─── Excerpted data
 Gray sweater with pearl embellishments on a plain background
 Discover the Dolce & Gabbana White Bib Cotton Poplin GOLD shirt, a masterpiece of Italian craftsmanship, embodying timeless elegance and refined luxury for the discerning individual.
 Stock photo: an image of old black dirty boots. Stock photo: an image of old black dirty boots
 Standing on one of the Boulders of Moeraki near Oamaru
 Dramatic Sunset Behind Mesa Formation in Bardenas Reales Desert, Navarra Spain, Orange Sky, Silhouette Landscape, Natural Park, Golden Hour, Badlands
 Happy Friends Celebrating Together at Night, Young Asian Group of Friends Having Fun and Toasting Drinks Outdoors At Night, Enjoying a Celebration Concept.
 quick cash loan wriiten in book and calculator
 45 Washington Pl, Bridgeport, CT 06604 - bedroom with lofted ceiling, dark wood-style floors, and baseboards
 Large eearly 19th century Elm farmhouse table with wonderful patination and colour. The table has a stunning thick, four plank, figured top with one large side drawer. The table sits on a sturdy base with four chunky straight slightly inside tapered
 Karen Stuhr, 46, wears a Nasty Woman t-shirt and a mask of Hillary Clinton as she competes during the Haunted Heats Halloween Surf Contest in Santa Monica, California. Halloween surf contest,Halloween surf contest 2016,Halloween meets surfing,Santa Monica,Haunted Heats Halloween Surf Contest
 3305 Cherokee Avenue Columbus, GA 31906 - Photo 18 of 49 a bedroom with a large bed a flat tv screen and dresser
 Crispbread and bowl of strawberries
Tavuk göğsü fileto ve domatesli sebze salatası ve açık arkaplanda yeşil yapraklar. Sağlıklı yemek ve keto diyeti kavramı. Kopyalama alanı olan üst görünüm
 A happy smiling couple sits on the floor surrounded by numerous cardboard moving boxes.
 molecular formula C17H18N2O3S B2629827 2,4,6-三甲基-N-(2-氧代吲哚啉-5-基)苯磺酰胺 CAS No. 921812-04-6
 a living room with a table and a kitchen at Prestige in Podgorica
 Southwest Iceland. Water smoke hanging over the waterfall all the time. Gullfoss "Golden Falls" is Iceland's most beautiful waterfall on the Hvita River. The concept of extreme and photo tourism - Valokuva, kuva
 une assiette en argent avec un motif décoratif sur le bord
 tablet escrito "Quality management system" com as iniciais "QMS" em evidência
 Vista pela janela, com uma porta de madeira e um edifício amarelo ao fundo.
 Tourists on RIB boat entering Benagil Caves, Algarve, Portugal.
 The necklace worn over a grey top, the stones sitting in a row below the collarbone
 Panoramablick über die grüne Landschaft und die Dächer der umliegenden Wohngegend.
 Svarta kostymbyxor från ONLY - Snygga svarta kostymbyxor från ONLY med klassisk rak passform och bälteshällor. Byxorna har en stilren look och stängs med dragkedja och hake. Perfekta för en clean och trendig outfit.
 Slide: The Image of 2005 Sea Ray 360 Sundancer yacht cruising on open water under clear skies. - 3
──────
» **Required work**
In the material above, find the line with "Southwest Iceland. Water"; then copy it and every line after it, exactly, through the end.

» **Answer below**
 Southwest Iceland. Water smoke hanging over the waterfall all the time. Gullfoss "Golden Falls" is Iceland's most beautiful waterfall on the Hvita River. The concept of extreme and photo tourism - Valokuva, kuva
 une assiette en argent avec un motif décoratif sur le bord
 tablet escrito "Quality management system" com as iniciais "QMS" em evidência
 Vista pela janela, com uma porta de madeira e um edifício amarelo ao fundo.
 Tourists on RIB boat entering Benagil Caves, Algarve, Portugal.
 The necklace worn over a grey top, the stones sitting in a row below the collarbone
 Panoramablick über die grüne Landschaft und die Dächer der umliegenden Wohngegend.
 Svarta kostymbyxor från ONLY - Snygga svarta kostymbyxor från ONLY med klassisk rak passform och bälteshällor. Byxorna har en stilren look och stängs med dragkedja och hake. Perfekta för en clean och trendig outfit.
 Slide: The Image of 2005 Sea Ray 360 Sundancer yacht cruising on open water under clear skies. - 3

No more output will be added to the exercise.